German recalls presenting her video game to the committee, which included Dr. Tykocki, who concentrated on the technology side of the project, and Dr. Susan Barman, who looked at the basic physiology she included in the game.

German recalled with a laugh that after her presentation, there was silence from the committee and the question, “How do we grade a video game?”

Given another opportunity, she put her idea on paper and earned her Master’s with a thesis instead of the video game.

“This was so unique,” Dr. Tykocki said. “We just don’t see things like this, but we learned a lot from it.”

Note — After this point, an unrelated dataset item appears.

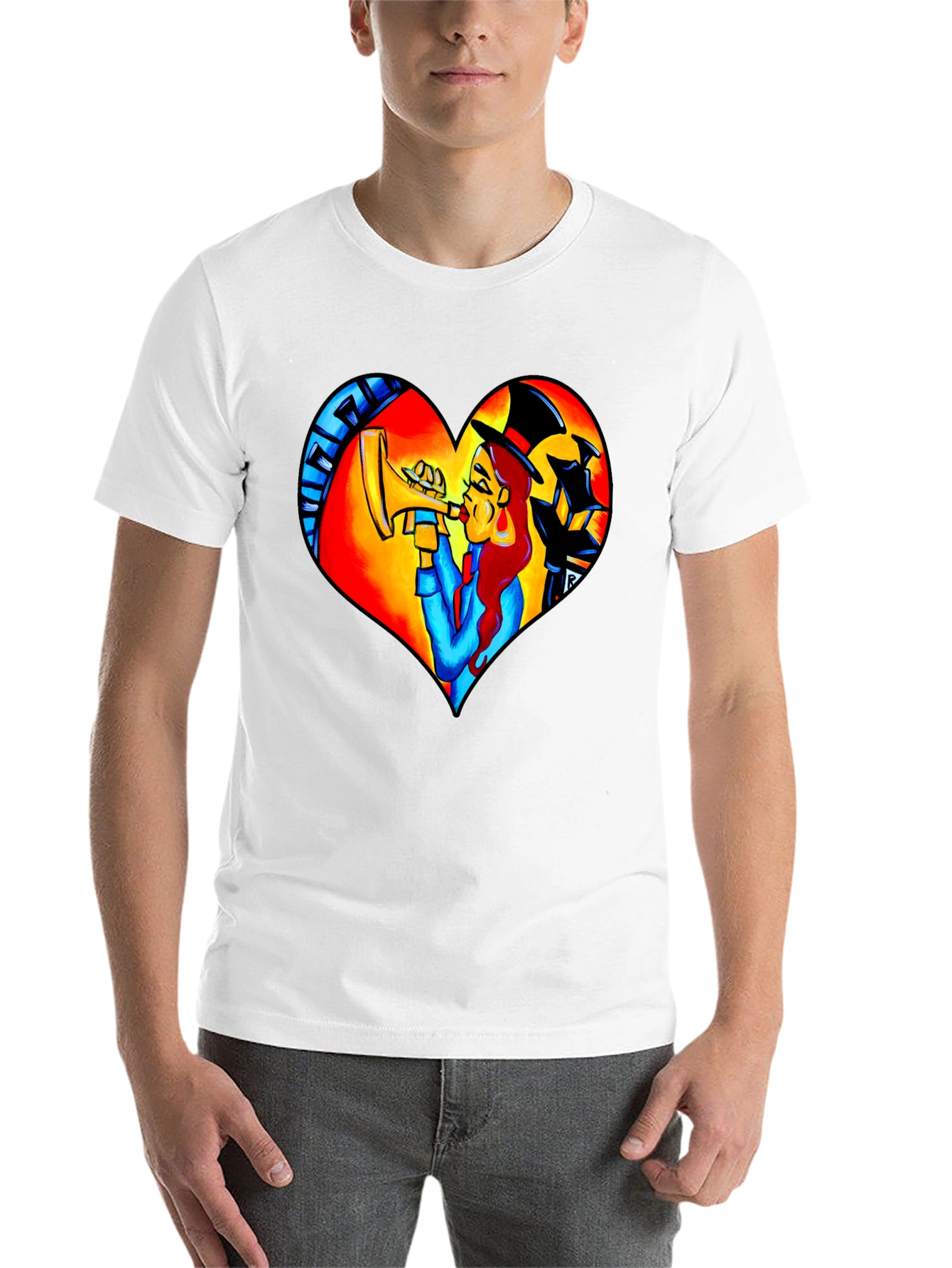 Black Jazz Heart T-Shirt - Musical Design view 14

It was so unique that MSU’s Burgess Institute for Entrepreneurship and Innovation named German its 2024 Owen/Willard Student Entrepreneur Scholar. Established by MSU grad Ray Owen and Clarissa Willard, it supports students working to advance society through innovation.

The monetary award has allowed German to focus full-time on her project and, as the founder of a new company creating this game, Integrate Ed, Inc., she has the opportunity to expand her vision.

Dr. Tykocki believes she’s on the right track with the technological approach to teaching healthcare.

“It’s a massive unmet need,” he said. “It combines a level of detail in required medical education with novel modes of content delivery.”

She admits there’s a long way to go before her game can find its way into mainstream medical school teaching.

But she’s convinced it will and is receiving feedback from students, medical professionals, and technology gurus. She is also already looking at game expansions that will delve even deeper into the human body and how to heal it.

She knows it will never take the place of hands-on teaching – but she hopes it can provide support.

“I hope it becomes a learning tool that supplements student classes,” German said, adding, “You can’t replace professors; they’re vital.”

But she sees this as a future component of medical education and the future is now.

“I might as well be the one to start it,” she said. “Being there at the right moment is the key.”